Infetti più vicini nell’iconografia alle demoniache creature del citato comic-movie interpretato da Keanu Reeves che agli pseudo-morti viventi di Ragona-Salkow ed ai pallidi individui vampireschi di Sagal, tanto da essere rappresentati privi del dono della parola e dotati esclusivamente di un animalesco istinto assassino, impegnati a far balzare lo spettatore dalla poltrona tramite improvvise entrate in scena volte a spezzare le lunghe attese costruite su lenti ritmi di narrazione.
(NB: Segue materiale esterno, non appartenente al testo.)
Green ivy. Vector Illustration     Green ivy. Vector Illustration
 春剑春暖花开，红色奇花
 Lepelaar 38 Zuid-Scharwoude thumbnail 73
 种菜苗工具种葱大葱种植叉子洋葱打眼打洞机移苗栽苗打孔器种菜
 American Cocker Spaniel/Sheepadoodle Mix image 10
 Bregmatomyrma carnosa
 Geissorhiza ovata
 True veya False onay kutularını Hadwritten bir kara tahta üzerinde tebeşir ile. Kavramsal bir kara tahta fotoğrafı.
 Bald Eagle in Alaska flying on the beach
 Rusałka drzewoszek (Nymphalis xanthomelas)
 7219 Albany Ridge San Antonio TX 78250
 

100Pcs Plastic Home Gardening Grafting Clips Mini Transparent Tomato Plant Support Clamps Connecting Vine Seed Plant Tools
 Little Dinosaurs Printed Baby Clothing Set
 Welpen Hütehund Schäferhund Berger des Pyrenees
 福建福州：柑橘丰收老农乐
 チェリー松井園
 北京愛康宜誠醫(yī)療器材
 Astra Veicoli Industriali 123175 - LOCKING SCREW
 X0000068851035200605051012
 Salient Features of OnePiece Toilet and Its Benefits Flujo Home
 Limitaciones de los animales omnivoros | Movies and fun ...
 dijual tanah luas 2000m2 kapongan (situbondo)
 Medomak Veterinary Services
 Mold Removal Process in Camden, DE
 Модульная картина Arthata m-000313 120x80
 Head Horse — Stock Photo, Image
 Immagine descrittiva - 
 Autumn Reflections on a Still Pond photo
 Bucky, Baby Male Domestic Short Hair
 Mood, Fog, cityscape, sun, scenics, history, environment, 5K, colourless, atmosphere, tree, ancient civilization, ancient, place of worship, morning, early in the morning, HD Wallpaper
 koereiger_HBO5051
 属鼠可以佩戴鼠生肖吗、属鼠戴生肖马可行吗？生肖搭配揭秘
Ma, al di là del fatto che la scelta di un protagonista di colore tenda ad invogliare maggiormente nello studio di un certo sottotesto relativo al forte legame tra intolleranza e violenza (con tanto di citazione da Bob Marley), Lawrence non sembra riuscire nell’impresa di rievocare quel senso di desolazione umana efficacemente enfatizzato dalle due precedenti versioni su pellicola, delle quali non ricalca neppure l’inaspettato epilogo privo di speranza, prestando più attenzione alla tipica lussuosa confezione da blockbuster del terzo millennio, i cui meriti vanno riconosciuti soprattutto alla bella fotografia di Andrew Lesnie (la trilogia “Il Signore degli Anelli”) ed alle curatissime scenografie di Naomi Shohan (“Training day”).
Riconfermandosi quindi abile esteta di accattivanti immagini che finiscono però con il rivelarsi fredde, prive di quel “calore” necessario per accarezzare il cuore dello spettatore al fine di suscitarvi le emozioni dei migliori fotogrammi in movimento.
La frase: "Le persone che cercano di far diventare peggiore questo mondo non si concedono un giorno libero".